CL_OUT_OF_HOST_MEMORY Error when running program in VTune/Advisor

dahubley · ‎12-23-2021

I'm trying to run the VTune analyzer on the simplest of simple programs and it looks like I have found a bug in the latest 2022.0.0 release of the tool. Has anyone else seen this error when trying to run OpenCL kernels on the CPU? It only happens in VTune the program runs without issue in MSVC debugger.

1> Native API failed. Native API returns: -6 (CL_OUT_OF_HOST_MEMORY) -6 (CL_OUT_OF_HOST_MEMORY)

I have attached a copy of the MSVC solution for anyone interested.

IDE: MSVC 2019 Version 16.11.7

OS: Windows 11

Processor: Intel i5-1135G7

Driver: 30.0.101.1191

OpenCL: 3.0

Anyone else encounter this?

RahulU_Intel · ‎12-24-2021

Hi,

We are investigating your issue at our end.. We will get back to you soon with an update.

Thanks

Rahul

dahubley · ‎12-24-2021

Thanks,

Let me know if/when you're able to reproduce the error and if I can provide any additional information!

Drew

RahulU_Intel · ‎12-27-2021

Hi,

We were able to reproduce your issue at our end. We are working on this internally. We will get back to you soon with an update.

Thanks

Rahul

Vinutha_SV · ‎01-10-2022

Hi,

Did you run VTune from standalone version or VS integrated one? Which analysis was run?

RahulU_Intel · ‎01-26-2022

Hi,

We are working on this internally. We will get back to you soon with an update.

Thanks

Rahul

SergeyD_Intel · ‎01-27-2022

Hello

Thanks for report as well as for reproducer.

1) Could you clarify oneAPI version do you use?

2) Could you attach self-check report? (self_check.py is located in bin64 directory)

3) Do you use integrated or discrete GPU (if "yes" which one)?

4) Could you add CLI command of your analysis?
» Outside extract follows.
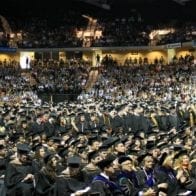 Graduate School Isn’t Worth the Money College graduates in diploma ceremony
You could get the row from UI here:

Best regards,

Sergey

dahubley · ‎01-27-2022

1) OneAPI 2022.0.0

2) See Below

3) Integrated, Intel Xe included with Processor 11th Gen Intel(R) Core(TM) i5-1135G

4) "C:\Program Files (x86)\Intel\oneAPI\vtune\2022.0.0\bin64\vtune" -collect gpu-offload -app-working-dir C:\Users\dahub\source\repos\DPCPPConsoleApplication1\DPCPPConsoleApplication2\ --app-working-dir=C:\Users\dahub\source\repos\DPCPPConsoleApplication1\DPCPPConsoleApplication2\ -- C:\Users\dahub\source\repos\DPCPPConsoleApplication1\x64\Release\DPCPPConsoleApplication2.exe

-------------------------------------------------

Script output starts here

Intel(R) VTune(TM) Profiler Self Check Utility
Copyright (C) 2009-2020 Intel Corporation. All rights reserved.
Build Number: 621730

HW event-based analysis (counting mode) (Intel driver)
Example of analysis types: Performance Snapshot
Collection: Ok
Finalization: Ok...
Report: Ok

Instrumentation based analysis check
Example of analysis types: Hotspots and Threading with user-mode sampling
Collection: Ok
Finalization: Ok...
Report: Ok

HW event-based analysis check (Intel driver)
Example of analysis types: Hotspots with HW event-based sampling, HPC Performance Characterization, etc.
Collection: Ok
Finalization: Ok...
Report: Ok

HW event-based analysis check (Intel driver)
Example of analysis types: Microarchitecture Exploration
Collection: Ok
Finalization: Ok...
Report: Ok

HW event-based analysis with uncore events (Intel driver)
Example of analysis types: Memory Access
Collection: Ok
Finalization: Ok...
Report: Ok

HW event-based analysis with stacks (Intel driver)
Example of analysis types: Hotspots with HW event-based sampling and call stacks
Collection: Ok
Finalization: Ok...
vtune: Warning: The result contains a lot of raw data. Finalization may take a long time to complete.
Report: Ok

HW event-based analysis with context switches (Intel driver)
Example of analysis types: Threading with HW event-based sampling
Collection: Ok
Finalization: Ok...
Report: Ok

Checking DPC++ application as prerequisite for GPU analyses: Fail
Unable to run DPC++ application on GPU connected to this system. If you are using an Intel GPU and want to verify profiling support for DPC++ applications, check these requirements:
* Install Intel(R) GPU driver.
* Install Intel(R) Level Zero GPU runtime.
* Install Intel(R) oneAPI DPC++ Runtime and set the environment.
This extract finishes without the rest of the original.